THE SHRINE OF KHAN SAHIB
SITUATED in the Khan Sahib block of district Budgam, the shrine is associated with a famous saint - Hazrat Salen Khan - who belonged to Pakhla village (now in Pakistan) and came here in the sixteenth century along with his father, Ismail Sahib. On the day of the birth of his son, it is believed, 99 saints visited the house of Ismail Sahab to see the new-born child. At age 5, his uncle, an influential man in the area, wanted to adopt Salen Khan but Ismail Sahib would not agree. When the former exerted pressure, Ismail Sahib took his son along and travelled on foot to Kashmir. On way, Syed Salen Khan met a famous saint - Bu Ali. Syed Salen's father took his son to Baba Naseeb-ud-Din Gazi, a well- known saint of Kashmir, where the two stayed for over a year. Later, the Baba granted Ismail Sahib permission to leave and Syed Salen Khan stayed back and took religious and spiritual guidance from the baba for 13 years. Syed Salen Khan also meditated for almost a dozen years in a cave and also stayed for some time in the Srinagar city. Later, he chose a place in a jungle for prayers and meditation. The cave, where he meditated, still exists. During his stay in the cave, people began to visit Syed Salen Khan and soon he was widely known to be a saint of high order. The place came to be known as Khan Sahib after him. Hazrat Syed Saleh Khan passed away on Zeelqad 17, 1019 Hijri. He was a fine calligrapher and a copy of the Holy Quran calligraphed by him is available at Watal Kadal, Srinagar. In the month of Zeelqad, a week-long urs (festival) is held at the tomb of Syed Saleh Khan Sahib.
Vaishno Devi Temple
The Vaishno Devi temple is located in the Trikuta Mountain at 61 kms north of Jammu at a height of 5,200 feet above the sea level. The shrine can be visited throughout the year, but in winters, it is difficult due to snowfall.
The legend has that the three main manifestations of Goddess like Mata Maha Kali, Mata Maha Lakshmi and Mata Maha Saraswati united together one day and pooled the collective Tejas or spiritual strength.

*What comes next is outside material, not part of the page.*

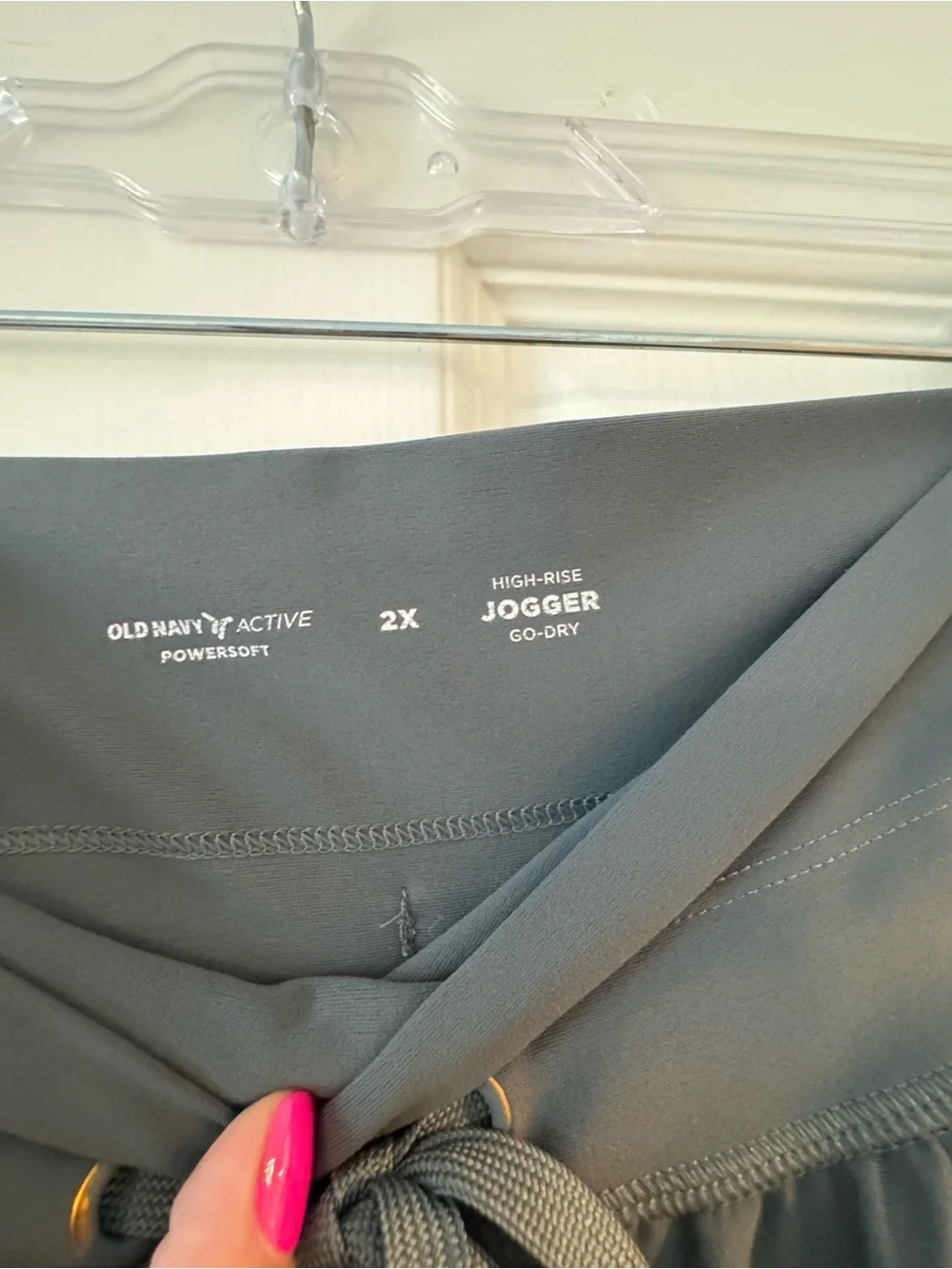 Old Navy Women’s Sage Green Drawstring Joggers - Picture 5 of 5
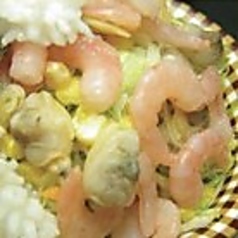 シーフードサラダ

Then a bright light emanated from the place where a beautiful young girl emerged out of this Tejas. She was told to live on earth, spending her time in upholding righteousness and later merge into Vishnu. So, the girl was born to Ratankar and his wife who called her as Vaishnavi.
The only holy place connected with Lord Visnu in Kashmir is Vishnu-Pada or Kaunsar Naga. This is a big lake situated at a height of more than 14,000 feet in Anantnag district. The lake is shaped like a foot and it is believed that Lord Visnu had placed his holy foot in the place where the present big lake is found.
Sun temple at Martand
Only five miles away from the town of Anantnag on the way to Amarnath, is a village known as Mattan or Bhawan. In ancient scriptures the name of this place is given as Martand (the sun). Here is a beautiful spring and a small rivulet flowing nearby known as the Chaka. On the banks of the Chaka thousands of devotees from northern India perform sraddha to their deceased ancestors in adhikamasa months and Vijaya Saptami. About 21/2 km. from the spring are the ruins of a magnificent temple dedicated to the Sun known as Martand. The temple in Indo-Greek architectural style was built by Lalitaditya, a great king of Kashmir. Swami Vivekananda visited this place at least three times.